Crowley asked: “So as far as you know, has the whole so-called “Gang of Eight” — four Republicans, four Democrats — in the Senate, are they ready, you’ve all agreed to everything, you’ve just got to write it up and do you believe that that bill could pass the House?"
“Yes, M’am," replied Graham. “It’s got to be written up, we haven’t signed off, there are a few details yet, but conceptually we have an agreement between business and labor, between ourselves, it has to be drafted, it will be rolled out next week. Yes, I believe it will pass the House because it secures our borders, it controls who gets a job — as to 11 million, they will have a pathway to citizenship, but it will be earned, it will be long, and it will be hard, and I think it is fair, and the main thing, the combination of events in this bill will prevent a third wave of illegal immigration, and replace a broken immigration with a merit-based economic-based system to help grow our economy in the future. I think it will pass both houses. We’re gonna need the President’s support. I’m proud of the work product and I look forward to rolling it out.”
Graham was not the only “Gang of Eight” member talking about the group’s immigration plan. Speaking Sunday on Meet the Press, Sen. Chuck Schumer (D-N.Y.), also said that a deal was imminent.
"With the agreement between business and labor, every major policy issue has been resolved on the gang of eight," Schumer was quoted by the Huffington Post, who said that the disagreement between business and labor (also mentioned by Candy Crowley) has been overcome. "Now everyone, we've all agreed that we're not going to come to a final agreement until we see draft legislative language and we all agree on that. We've drafted some of it already, the rest will be drafted this week. So I'm very optimistic that we will have an agreement among the eight of us next week."
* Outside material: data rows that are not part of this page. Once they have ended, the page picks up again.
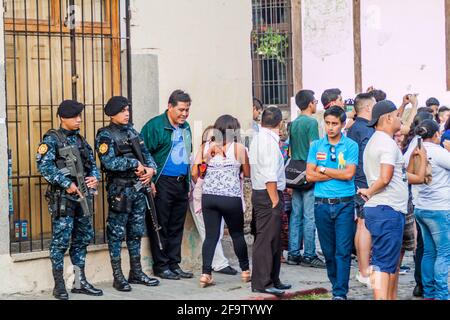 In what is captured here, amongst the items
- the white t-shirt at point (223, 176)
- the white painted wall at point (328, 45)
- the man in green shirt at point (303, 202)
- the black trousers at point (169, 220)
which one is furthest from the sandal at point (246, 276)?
the white painted wall at point (328, 45)

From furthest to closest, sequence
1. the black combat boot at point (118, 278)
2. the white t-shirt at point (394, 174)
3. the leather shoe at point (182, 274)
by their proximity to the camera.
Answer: the leather shoe at point (182, 274) < the black combat boot at point (118, 278) < the white t-shirt at point (394, 174)

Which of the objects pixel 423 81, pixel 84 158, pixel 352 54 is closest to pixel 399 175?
pixel 84 158

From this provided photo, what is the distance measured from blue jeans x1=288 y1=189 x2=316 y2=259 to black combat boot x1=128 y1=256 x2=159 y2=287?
2071 mm

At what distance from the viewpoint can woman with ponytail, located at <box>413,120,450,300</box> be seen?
830 centimetres

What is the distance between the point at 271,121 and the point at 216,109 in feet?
4.64

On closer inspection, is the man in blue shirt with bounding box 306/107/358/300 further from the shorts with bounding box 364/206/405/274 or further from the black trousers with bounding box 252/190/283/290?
the shorts with bounding box 364/206/405/274

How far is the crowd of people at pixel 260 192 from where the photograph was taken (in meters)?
7.56

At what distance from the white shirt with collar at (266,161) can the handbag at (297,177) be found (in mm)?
1475

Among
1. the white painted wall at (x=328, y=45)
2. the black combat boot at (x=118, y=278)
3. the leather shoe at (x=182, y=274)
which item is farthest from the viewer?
the white painted wall at (x=328, y=45)

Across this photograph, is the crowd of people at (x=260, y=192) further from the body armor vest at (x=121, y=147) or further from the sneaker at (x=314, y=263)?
the sneaker at (x=314, y=263)

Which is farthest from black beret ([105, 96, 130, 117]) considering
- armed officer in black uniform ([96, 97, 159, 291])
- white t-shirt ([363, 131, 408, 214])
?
white t-shirt ([363, 131, 408, 214])

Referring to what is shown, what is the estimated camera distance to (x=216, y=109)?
10.1 meters

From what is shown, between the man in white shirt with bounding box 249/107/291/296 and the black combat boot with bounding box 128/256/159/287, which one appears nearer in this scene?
the man in white shirt with bounding box 249/107/291/296

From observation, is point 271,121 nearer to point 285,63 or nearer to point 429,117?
point 429,117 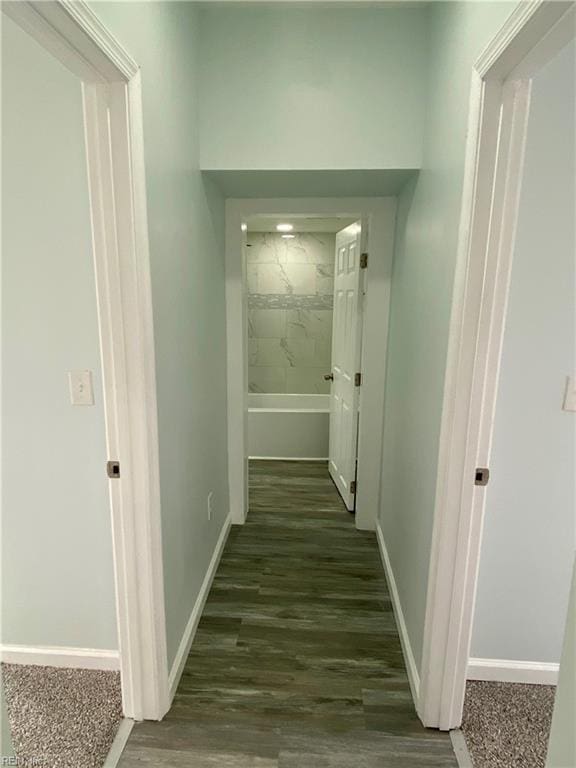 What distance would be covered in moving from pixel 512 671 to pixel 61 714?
1771 mm

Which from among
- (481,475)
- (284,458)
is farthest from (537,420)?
(284,458)

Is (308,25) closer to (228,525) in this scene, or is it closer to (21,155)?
(21,155)

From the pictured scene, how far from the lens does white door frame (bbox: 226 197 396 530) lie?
94.6 inches

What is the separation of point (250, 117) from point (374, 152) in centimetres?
56

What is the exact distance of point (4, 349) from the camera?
4.93 feet

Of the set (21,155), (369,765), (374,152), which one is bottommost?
(369,765)

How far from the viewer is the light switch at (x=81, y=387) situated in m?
1.50

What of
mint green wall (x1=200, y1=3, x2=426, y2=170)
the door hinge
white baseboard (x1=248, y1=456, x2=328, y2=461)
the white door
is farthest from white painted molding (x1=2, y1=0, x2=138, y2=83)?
white baseboard (x1=248, y1=456, x2=328, y2=461)

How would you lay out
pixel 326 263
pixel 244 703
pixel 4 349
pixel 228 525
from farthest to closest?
pixel 326 263
pixel 228 525
pixel 244 703
pixel 4 349

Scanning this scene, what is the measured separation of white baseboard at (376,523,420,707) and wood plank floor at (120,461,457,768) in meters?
0.04

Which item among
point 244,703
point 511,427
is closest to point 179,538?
point 244,703

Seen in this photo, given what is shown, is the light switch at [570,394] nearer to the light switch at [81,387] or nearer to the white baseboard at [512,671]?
the white baseboard at [512,671]

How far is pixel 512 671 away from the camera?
172 cm

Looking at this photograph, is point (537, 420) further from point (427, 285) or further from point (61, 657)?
point (61, 657) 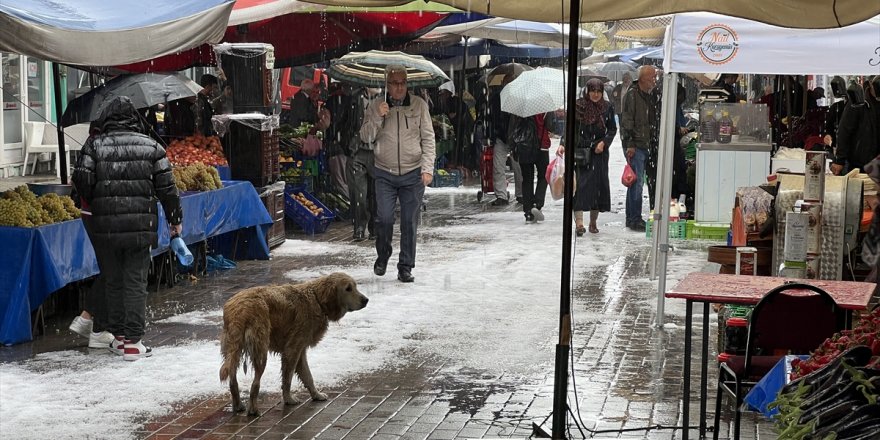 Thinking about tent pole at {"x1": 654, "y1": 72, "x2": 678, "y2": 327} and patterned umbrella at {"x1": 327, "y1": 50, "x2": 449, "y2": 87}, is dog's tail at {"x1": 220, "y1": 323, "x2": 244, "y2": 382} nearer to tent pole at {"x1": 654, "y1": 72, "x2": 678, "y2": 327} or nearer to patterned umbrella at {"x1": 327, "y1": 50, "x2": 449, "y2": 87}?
tent pole at {"x1": 654, "y1": 72, "x2": 678, "y2": 327}

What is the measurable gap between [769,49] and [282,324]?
15.2 ft

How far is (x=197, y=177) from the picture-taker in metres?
13.4

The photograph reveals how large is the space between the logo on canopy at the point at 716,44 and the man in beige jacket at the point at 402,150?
4010 mm

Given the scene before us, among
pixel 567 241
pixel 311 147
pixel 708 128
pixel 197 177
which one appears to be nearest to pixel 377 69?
pixel 311 147

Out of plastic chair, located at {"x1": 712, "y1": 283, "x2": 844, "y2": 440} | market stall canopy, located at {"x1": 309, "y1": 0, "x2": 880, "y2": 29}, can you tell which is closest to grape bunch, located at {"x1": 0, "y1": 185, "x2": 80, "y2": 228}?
market stall canopy, located at {"x1": 309, "y1": 0, "x2": 880, "y2": 29}

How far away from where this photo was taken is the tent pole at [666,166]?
10359mm

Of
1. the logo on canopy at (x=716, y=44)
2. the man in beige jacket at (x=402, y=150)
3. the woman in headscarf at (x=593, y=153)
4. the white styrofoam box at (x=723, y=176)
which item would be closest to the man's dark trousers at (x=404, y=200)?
the man in beige jacket at (x=402, y=150)

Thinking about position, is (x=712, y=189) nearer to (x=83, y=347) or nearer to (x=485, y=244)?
(x=485, y=244)

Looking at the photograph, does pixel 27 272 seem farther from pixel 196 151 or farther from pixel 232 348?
pixel 196 151

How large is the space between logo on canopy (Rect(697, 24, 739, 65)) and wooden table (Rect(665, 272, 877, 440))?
2771mm

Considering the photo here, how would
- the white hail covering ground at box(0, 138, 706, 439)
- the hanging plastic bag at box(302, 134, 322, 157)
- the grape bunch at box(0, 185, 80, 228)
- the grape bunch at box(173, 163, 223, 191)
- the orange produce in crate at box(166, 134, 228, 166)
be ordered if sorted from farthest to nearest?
the hanging plastic bag at box(302, 134, 322, 157)
the orange produce in crate at box(166, 134, 228, 166)
the grape bunch at box(173, 163, 223, 191)
the grape bunch at box(0, 185, 80, 228)
the white hail covering ground at box(0, 138, 706, 439)

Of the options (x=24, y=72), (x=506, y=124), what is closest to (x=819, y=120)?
(x=506, y=124)

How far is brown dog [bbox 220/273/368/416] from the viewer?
24.1ft

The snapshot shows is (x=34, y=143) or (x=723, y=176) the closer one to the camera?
(x=723, y=176) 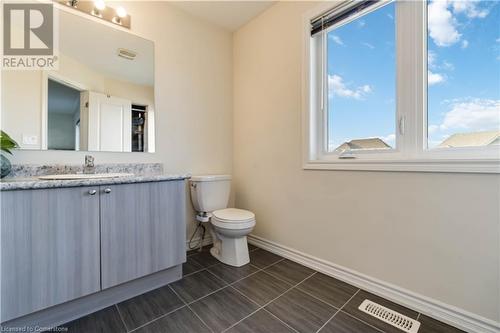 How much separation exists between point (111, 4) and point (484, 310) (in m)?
3.23

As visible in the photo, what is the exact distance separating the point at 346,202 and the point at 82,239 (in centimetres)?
173

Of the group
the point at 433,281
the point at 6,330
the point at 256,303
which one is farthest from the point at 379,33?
the point at 6,330

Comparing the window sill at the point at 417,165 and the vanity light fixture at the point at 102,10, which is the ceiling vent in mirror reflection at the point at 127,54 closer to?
the vanity light fixture at the point at 102,10

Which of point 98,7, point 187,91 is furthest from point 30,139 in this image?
point 187,91

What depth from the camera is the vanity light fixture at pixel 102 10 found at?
65.4 inches

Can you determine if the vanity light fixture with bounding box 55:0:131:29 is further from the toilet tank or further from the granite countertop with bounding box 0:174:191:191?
the toilet tank

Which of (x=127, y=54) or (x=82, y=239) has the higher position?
(x=127, y=54)

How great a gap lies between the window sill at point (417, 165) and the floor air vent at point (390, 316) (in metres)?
0.85

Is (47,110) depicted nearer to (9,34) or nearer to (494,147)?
(9,34)

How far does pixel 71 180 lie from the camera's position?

The Huffington Post reported that an agreement had been reached on Friday, with Schumer’s help, between the AFL-CIO and the U.S. Chamber of Commerce. However, the Post reported receiving an e-mailed statement from AFL-CIO spokesman Jeff Hauser that took exception to some of the statements made by Sen. Graham in his State of the Union interview:
"It is disappointing that on Easter Sunday, Lindsey Graham would suggest that he would stop re-uniting families and instead seek to further [privatize] the immigration system," said Hauser. "Supposedly pro-family values Republicans should understand that 'merit' is not something determined by the highest bidder in a country built on family and defined by its commitment to equality."
A statement from another “Gang of Eight” senator, Marco Rubio (R.-Fla.), urged a word of caution to those who conclude that the group’s final plan is a done deal.
"Reports that the bipartisan group of eight senators have agreed on a legislative proposal are premature," Rubio was quoted in an ABC OTUS News report.
"Eight senators from seven states have worked on this bill to serve as a starting point for discussion about fixing our broken immigration system," said Rubio. "But arriving at a final product will require it to be properly submitted for the American people's consideration, through the other 92 senators from 43 states that weren't part of this initial drafting process."
The plan being discussed by the senators would create a new “W” visa program that would go into effect on April 1, 2015, which would apply to low-skilled jobs. Twenty thousand workers would be allowed in under the plan during the first year; 35,000 during the second year; 55,000 during the third; and 75,000 in the fourth year. However, the program may eventually be expanded to include as many as 200,000 workers a year.